To do:
Could you print exactly the lines of the listing below, starting at the line that has "Faro VAG 561941005D precio, desde 201,13 EUR" and ending at the line that has "数字马戏团之我变成金戈了？！", and only those lines?
----- Material shown
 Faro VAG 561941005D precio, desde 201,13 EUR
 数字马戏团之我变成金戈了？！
----------
----- Material shown
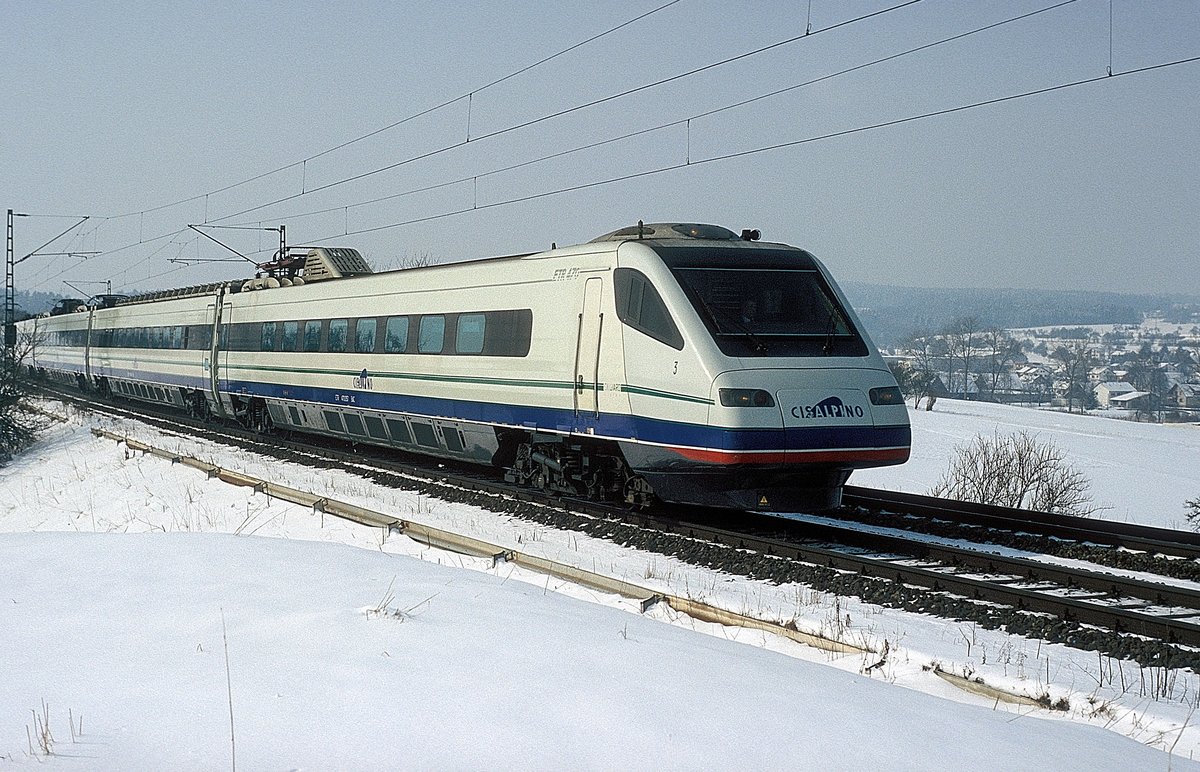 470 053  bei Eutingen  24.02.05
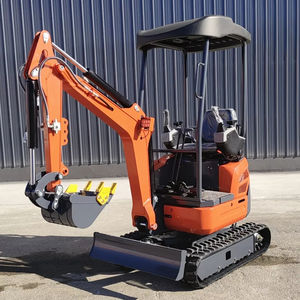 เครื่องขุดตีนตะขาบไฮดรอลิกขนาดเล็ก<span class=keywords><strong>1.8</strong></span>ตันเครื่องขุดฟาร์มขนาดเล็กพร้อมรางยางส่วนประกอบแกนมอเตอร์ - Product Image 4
----------
Written response:
 Faro VAG 561941005D precio, desde 201,13 EUR
 数字马戏团之我变成金戈了？！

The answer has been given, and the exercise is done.